La proclamation de l’Évangile c’est ça et ce n’est que ça. Cela devrait aller de soi et pourtant convenons que ce n’est pas le cas. Certes, nous continuons de proclamer l’Évangile mais  nous en oublions l’essentiel à savoir  de le proclamer comme Évangile c’est à-dire comme son étymologie nous l’indique, à la manière d’une « heureuse nouvelle», d’une « joyeuse annonce », d’une « promesse de vie bonne »  d’une « parole d’encouragement» c’est à dire d’une parole qui sort et qui donne du coeur .  Et, la nouvelle est bonne non pour nous promettre quelque chose que nous allons toucher, ce n’est pas d’être pour nous une consolation, une espèce d’opium contre nos douleurs voire contre nos finitudes. L’Evangile c’est quelque chose d’immense, quelque chose qui s’adresse au plus haut de notre être intelligent et de notre coeur, quelque chose qui ne fait appel qu’à notre générosité et qu’à notre bonté. Cela devrait aussi aller de soi et pourtant convenons que ce n’est aussi pas le cas.Rappelons nous  ce que  Paul écrit aux Galates, non sans ironie: « J’admire avec quelle rapidité vous vous détournez de celui qui vous a appelés par la grâce du Christ, pour passer à un autre Évangile ».

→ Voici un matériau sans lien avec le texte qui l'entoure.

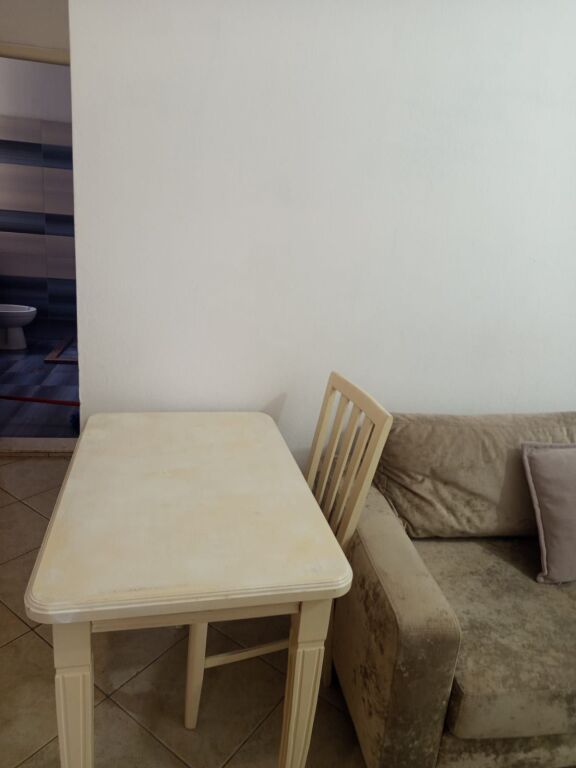 APARTAMENT 1+1. 28000 LEKE.RRUGA 5 MAJI.ODA BAR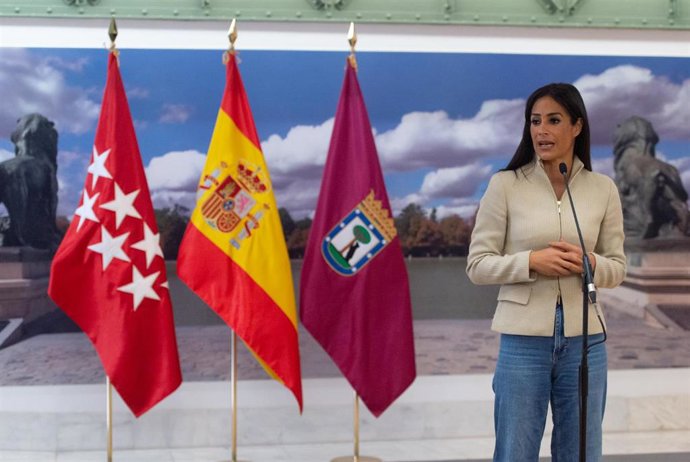 La vicealcaldesa de Madrid, Begoña Villacís, interviene en una rueda de prensa. Archivo.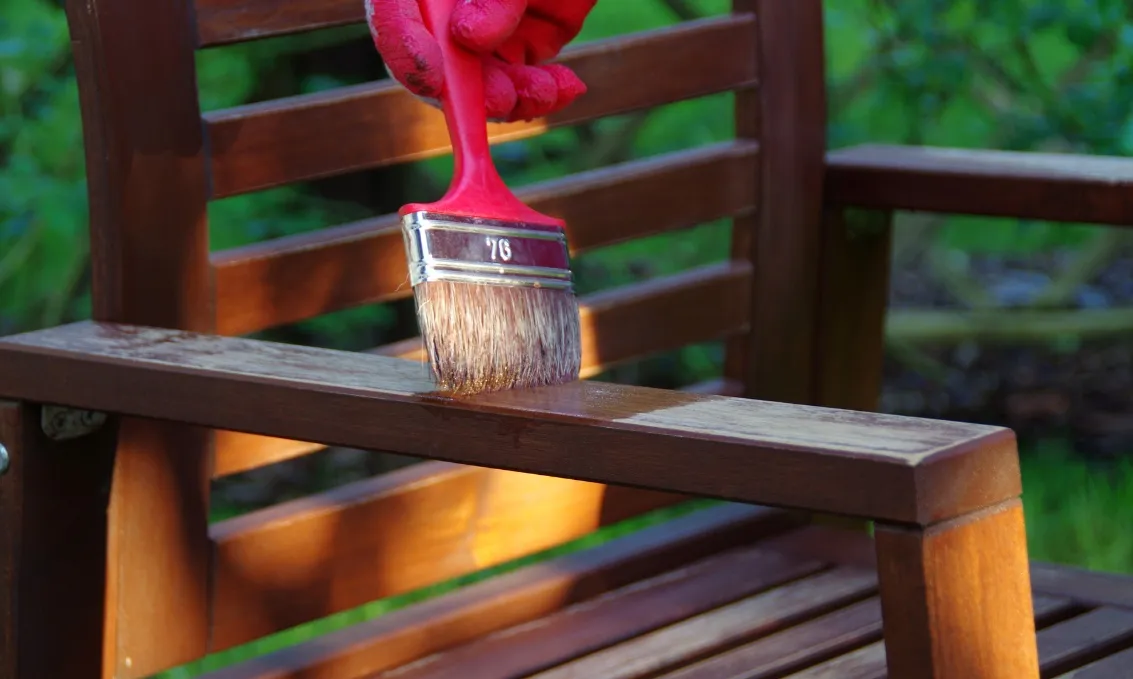 błędy malowanie mebli ogrodowych zacieki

Le ressuscité, le vivant avec qui nous dialoguons ne nous demande pas de faire ce qu’il n’a jamais fait lui dans son humanité et dans sa mission parmi nous. Jamais il n’a cherché à  endoctriner,  à obtenir le plus grand nombre d’adhésions. Jamais il n’a cherché à imposer une certitude en la faisant réciter par cœur ou à faire passer des principes…

Alors lorsqu’il nous dit, mot à mot  ; « Allez… auprès de tous et enseignez leur le témoignage ».

Comprenons alors, qu’à son exemple  et comme il l’a si bien fait dans sa pleine humanité, transmettre le témoignage, poser le signe  c’est entreprendre de nos jours la défense de la « raison », contre les délires, contre les passions et la montée des forces et des idéologies obscures, contre les idolâtries modernes, contre l’orgueil et la démesure qui caractérisent notre temps et nos sociétés. Transmettre et  poser le signe c’est, par notre propre attitude et par notre simple  agir,  appeler chacun  à un comportement et à un jugement raisonnables, non parce que la raison aurait une valeur en soi, ni qu’elle permettrait à l’homme d’accéder à une quelconque vérité, mais parce qu’elle ramène l’homme à son niveau véritable et élémentaire d’humanité.

Transmettre le témoignage et poser le signe c’est aussi ne jamais hésiter,  à l’exemple même de Jésus, à bousculer, à renverser et même  à profaner, non par des déclarations ou par des théories, mais par une conduite juste et une démarche exemplaire en accomplissant notre rôle et notre mission, là où nous sommes et tel que nous sommes avec les qualités et défauts qui sont les nôtres. Ce qui revient à  provoquer l’événement au lieu de le suivre, au lieu de le subir, ou de tenter de l’expliquer.  Et si nous agissons, ce qui est la moindre des chose, si nous nous engageons  dans des événements que nous n’aurions pas provoqués, c’est par pure volonté, pure décision, avec le souci d’y faire un travail bien singulier, et non pas de fusionner passivement et  de nous  soumettre aux aléas de notre monde et de notre temps.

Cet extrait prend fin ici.